Start by making sure you use the exhaust fans in your kitchen and bathroom as intended. Every time you cook with a method that creates humidity and after you shower, run the exhaust fans for a few minutes. Don’t leave them on any longer, or they’ll bring in more humidity than they let out.
If you have an exhaust fan in your laundry area, use it after you wash clothes. Check that the clothes dryer is vented outside, not indoors or into the crawl space. If you don’t use a clothes dryer, hang clothes outside to dry instead of indoors.
Dampness and impaired ventilation in the attic or basement can also cause excess humidity in your rooms. Waterproof your basement by repairing any cracks in the walls, then paint the walls with a waterproof or water sealer product. Make sure downspouts discharge at least 5 feet away from the foundation and keep plants at least a foot away from the foundation. In the attic, check that the soffit vents aren’t blocked by insulation.
If the basement floor often accumulates a pool of water, consider installing a sump pump to remove the water before it evaporates and increases the basement’s humidity level.
Better Ventilation for Healthier Humidity Levels
In a poorly ventilated home, moisture will accumulate no matter how much you try to control it. The attic is the first place to check on the ventilation. If you have only soffit vents or only ridge vents, or you have a gable vent on one side of the attic and not the other, your attic isn’t getting the continuous airflow needed to remove moisture buildup.
Most attics need one foot of ventilation for every 150 square feet of attic floor — or every 300 square feet if a vapor barrier is used — but attic ventilation design is still something of an art that requires experience. If your attic lacks ventilation, talk with a heating and cooling professional about adding more.

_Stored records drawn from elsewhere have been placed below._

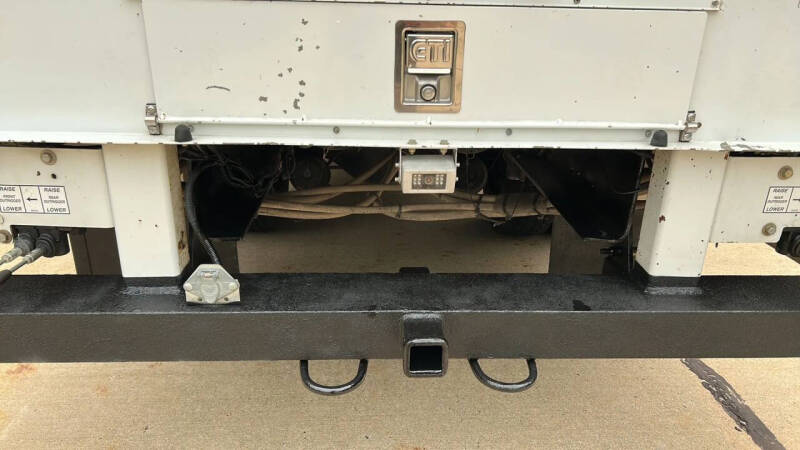 2020 Freightliner M2 106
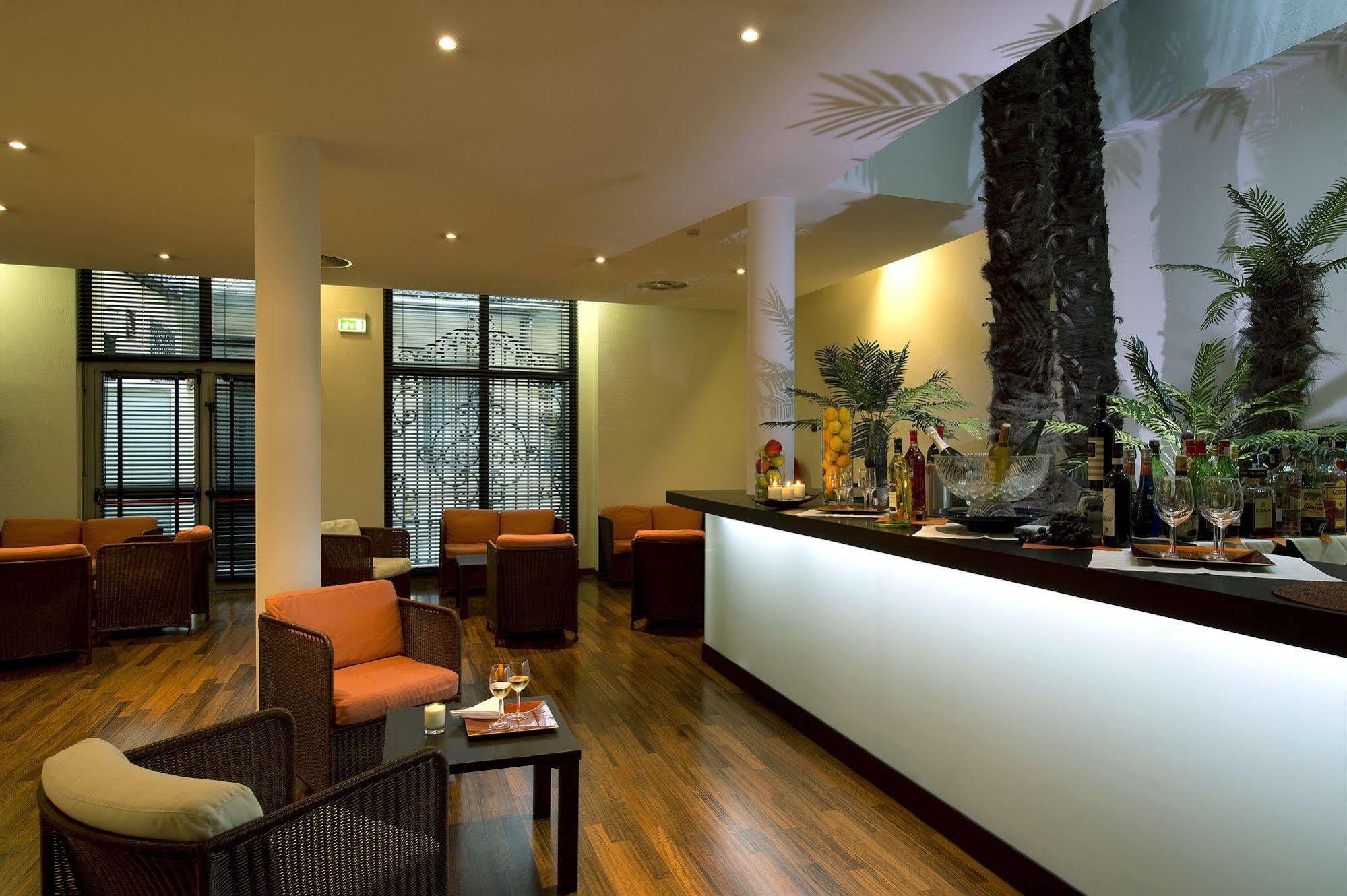 Indigo By Ihg Hotel 4*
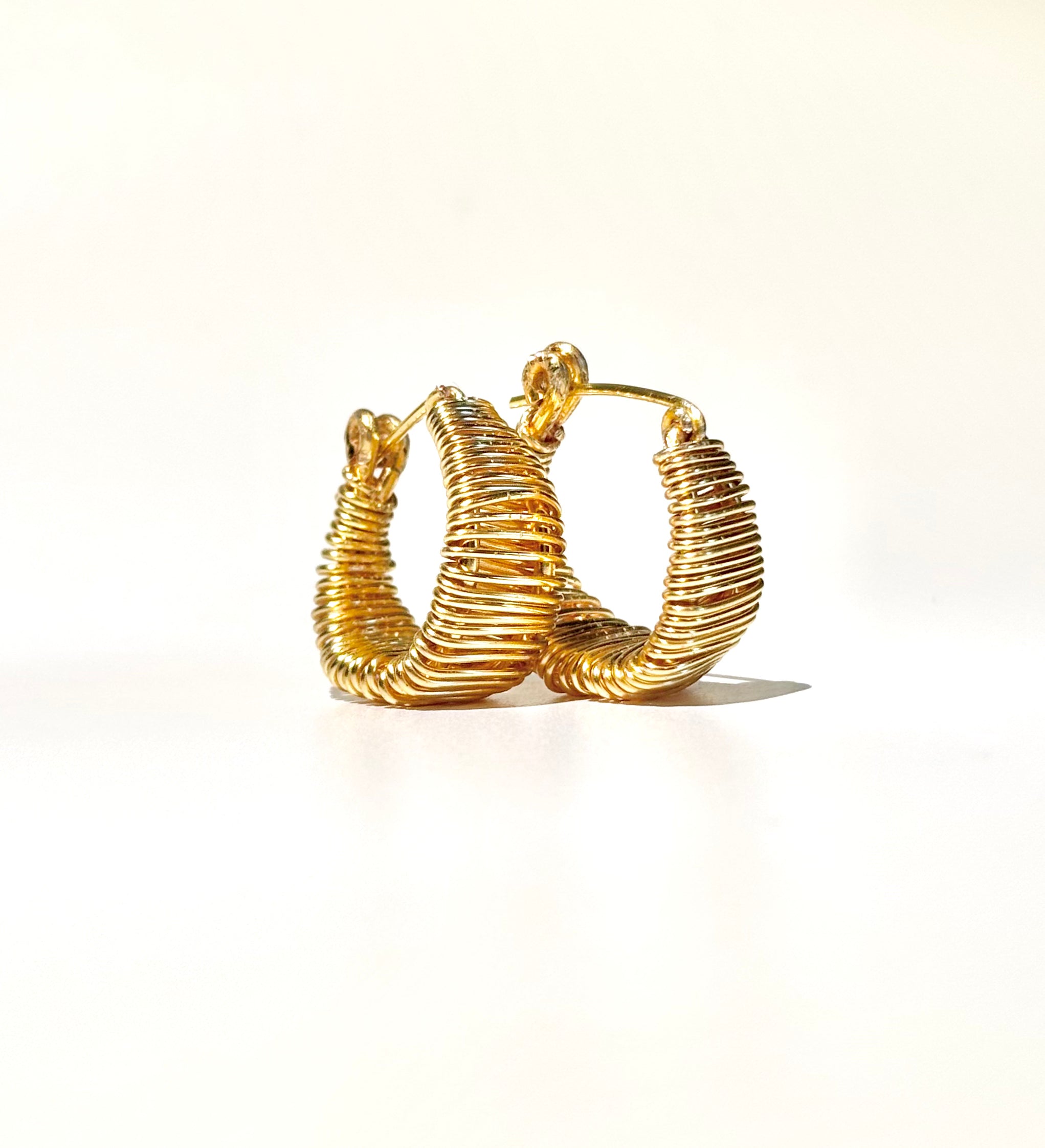 Chunky Tapered Statement Hoops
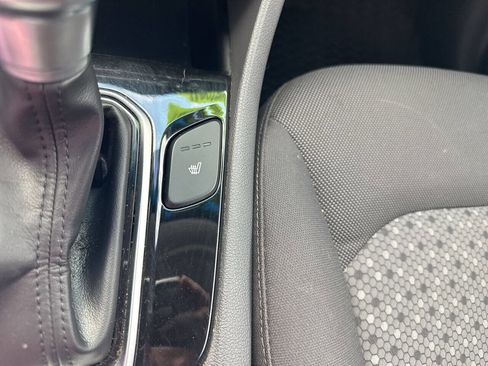 Used 2017 Hyundai Ioniq SEL image 32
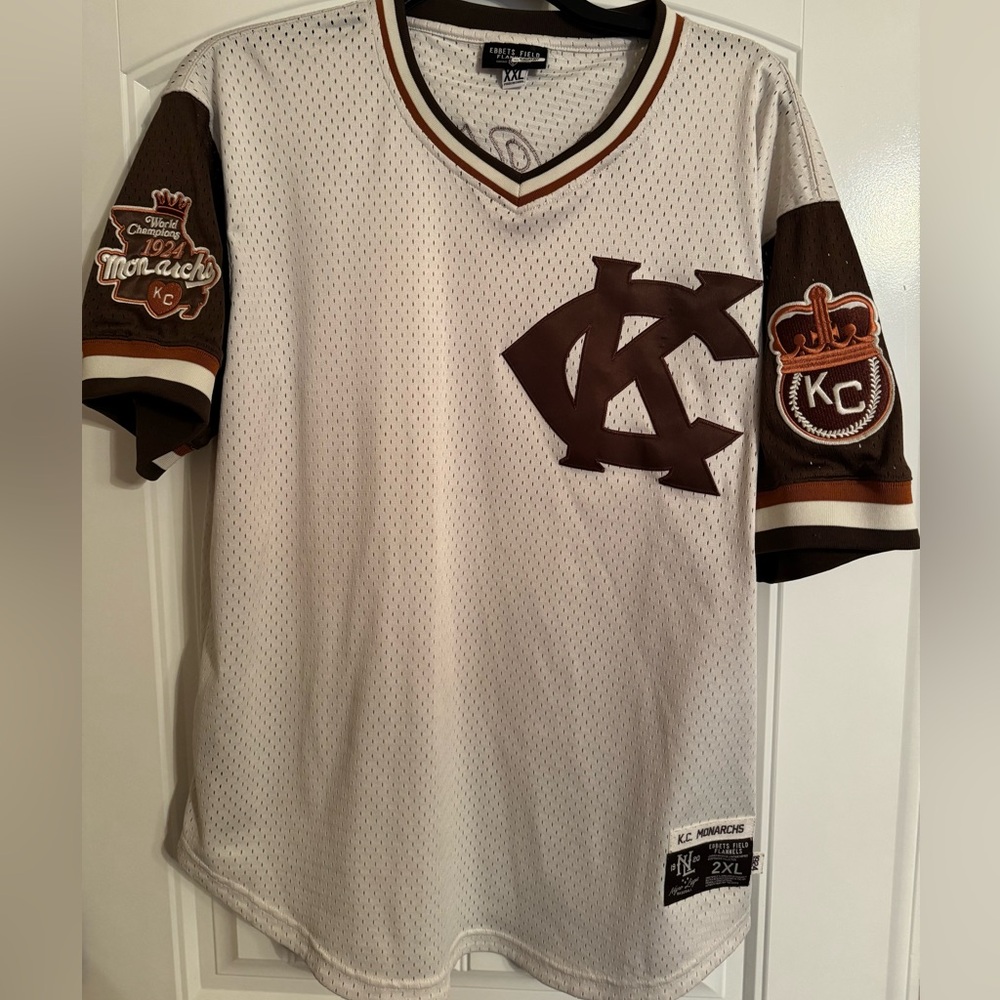 Ebbets Field flannels 2XL K.C. Monarchs Jackie Robinson jersey. ￼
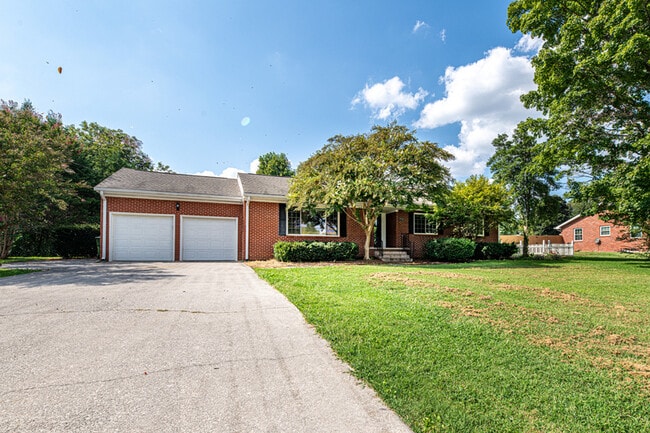 Building Photo - 1719 Scenic Dr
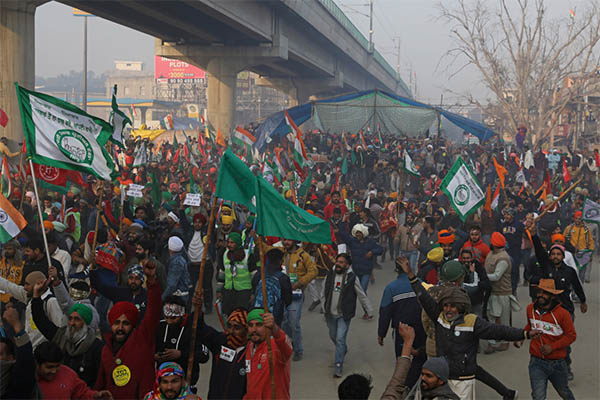 Farmers enter Red Fort, clash with police as India celebrates Republic Day (PHOTOS)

Ventilation in your basement and crawl space is even trickier. In humid climates (like Chicago in the summertime), vents in these areas often let in more moisture than they let out. If this is the case in your home, you may be better off sealing your crawl space.
Naturally, your living space also needs good airflow. If condensation on your windows is the main problem caused by excess humidity levels, you can remedy the situation by installing trickle vents over the windows. These long, narrow vents let air pass but slow it down enough to prevent chilly drafts.
Installing more or larger exhaust fans is another option. Laundry areas, in particular, are often designed without ventilation, and just putting in an exhaust fan can really cut down on the moisture lingering in your home.
Also consider having a balanced whole-house ventilation system designed for your home. These systems use fans and ductwork system to both draw out stale, damp air and bring in fresh air in equal amounts. As a plus, they prevent the air pressure problems caused by using only exhaust fans.
An energy recovery ventilator (ERV) or heat recovery ventilator (HRV) are both possible options for improving overall indoor air quality. For a home with humidity problems, an ERV is a particularly good choice because it brings in less humidity than an HRV does.
If you’re certain your home already has a well-designed whole house ventilation system but you’re still having excess humidity problems, it’s time to think about installing a dehumidifier. A whole-house dehumidifier can be placed inside your heating and cooling system, where it will run automatically to remove moisture from the air passing through. The drier air will then be distributed through your duct system to all your rooms.